SIF137 School of Education and Human Development Fellows

Project Manager: Justin Thompson

This award is intended to enhance the recruitment and retention of high-caliber doctoral candidates at the School of Education and Human Development.

BoV Approved: March 2018

Project Dates: 7/09/2018 – 7/08/2022

Total Funding: $2,508,894

Executive Summary

The School of Education and Human Development has tested “small‐bet” innovations to increase research productivity and teaching effectiveness among faculty and graduate students that have contributed to the school’s rise in several influential rankings (e.g., moving from 31st to 18th in US News and World Report Ranking of Graduate Schools of Education; 13th worldwide in the Shanghai Academic Ranking of World Universities). Innovations have enabled the school to increase the number and amount of research awards, even as available federal funding has receded. This SIF award proposes to pilot a school‐wide adoption of five innovations that will further enable the School’s research success and impacts.

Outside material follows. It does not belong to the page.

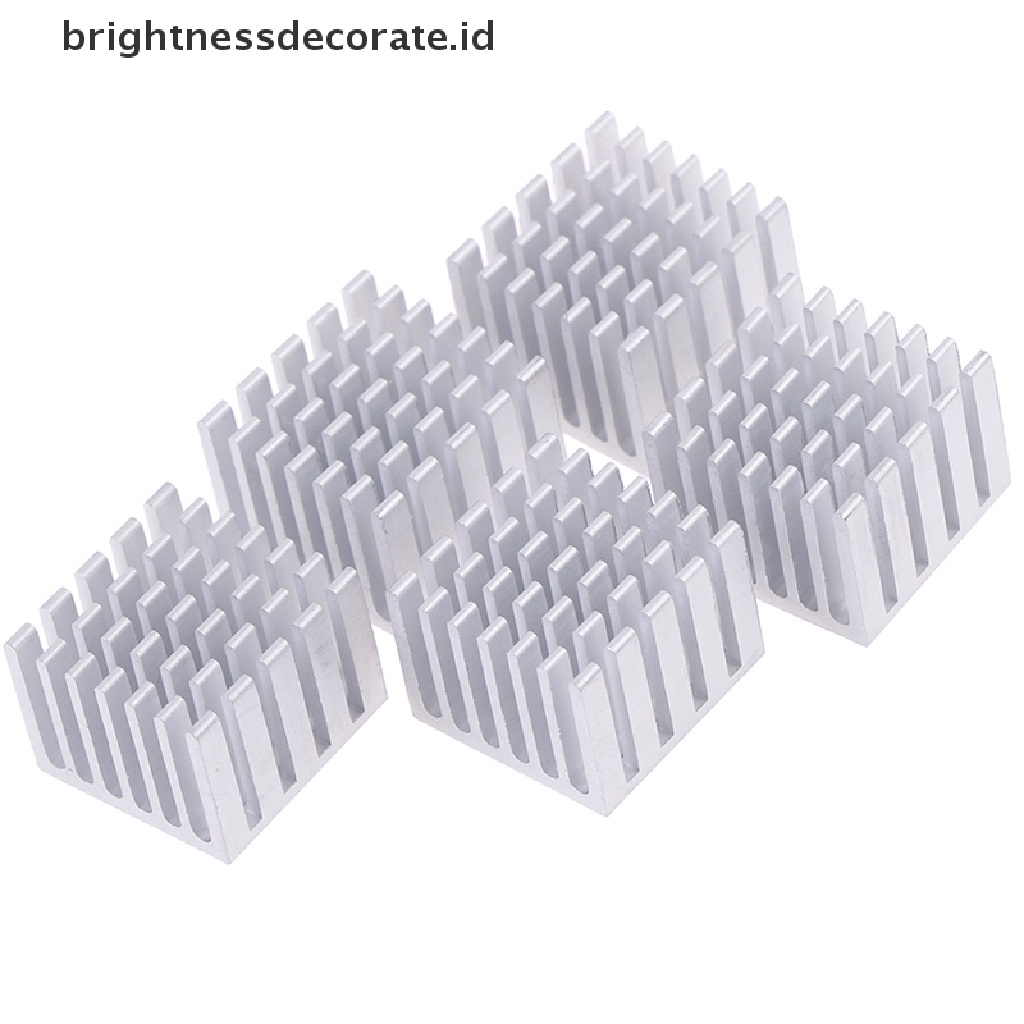 5 Pcs Chip Pendingin Heatsink CPU GPU Bahan Aluminum Ukuran 20x20 X 15mm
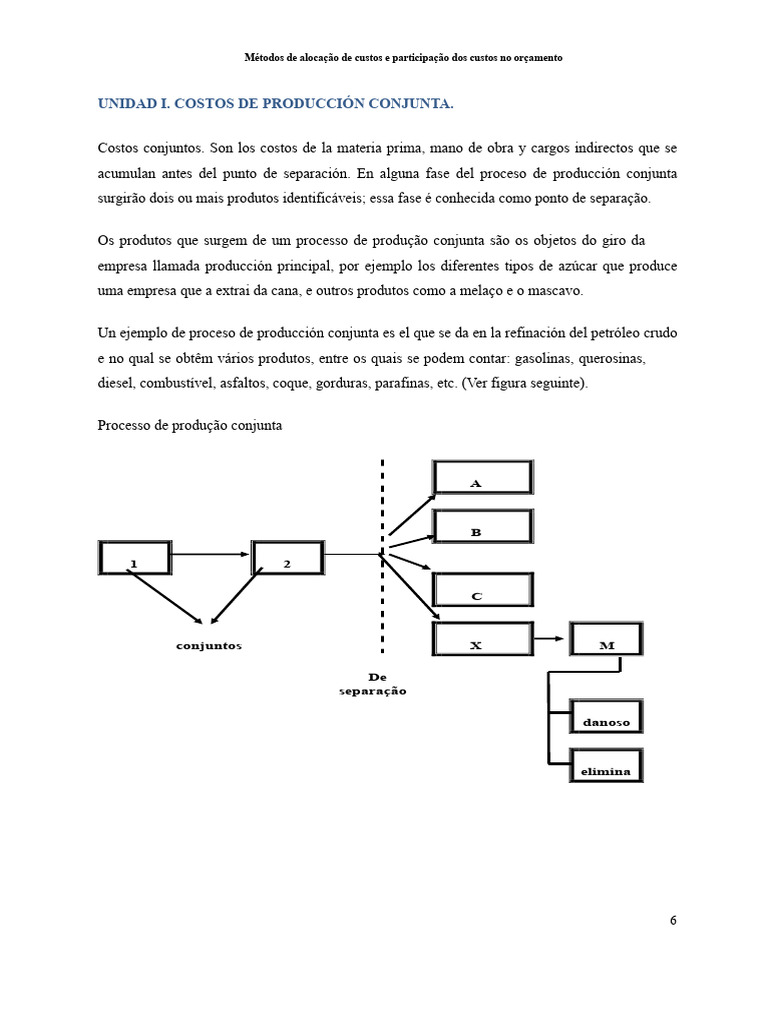 Métodos de Alocação de Custos em Produção Conjunta | PDF | Despesa ...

These innovations include:

  1. Enhanced recruitment of extraordinarily talented doctoral student applicants, including larger funding packages for top candidates in fall, spring and summer terms; 
  2. Career planning assistance for academic and non‐academic job markets;
  3. Grant‐writing instruction for graduate students, especially in pursuit of prestigious fellowships;
  4. Enhanced presence of doctoral students and national research conferences; and
  5. Enhanced mentorship of students.

This five‐pronged approach will allow the School of Education and Human Development to attract the highest‐achieving doctoral students, continue to improve its standing in national and global rankings, and create a best practice for start‐to‐finish support for graduate students. Ultimately, the school’s goal is to make an even greater contribution to the scholarly productivity of the University and its impact of research on large social challenges, using teams of faculty and highly qualified graduate students, which would serve as a model for other schools across Grounds.

Current Status: Completed


The School of Education and Human Development (EHD) conducted a three-year test of doctoral applicant aid elasticity. Tests support the school’s hypotheses: key indicators of program quality such as GRE scores and applicant diversity may be increased by offering competitive financial aid; fewer applicants turned down admission offers due to inadequate financial aid; and time-to-degree decreased as the school provided additional supports to doctoral students. Our success has been enabled, in part, by an enhanced marketing and communications effort. Despite minor adjustments, the project budget was administered mostly as planned. We requested and received a no-cost extension for one additional project year. The Strategic Investment Fund (SIF) investment made by UVA has demonstrated that we can diversify and elevate our applicant pool and student body by offering competitive aid packages.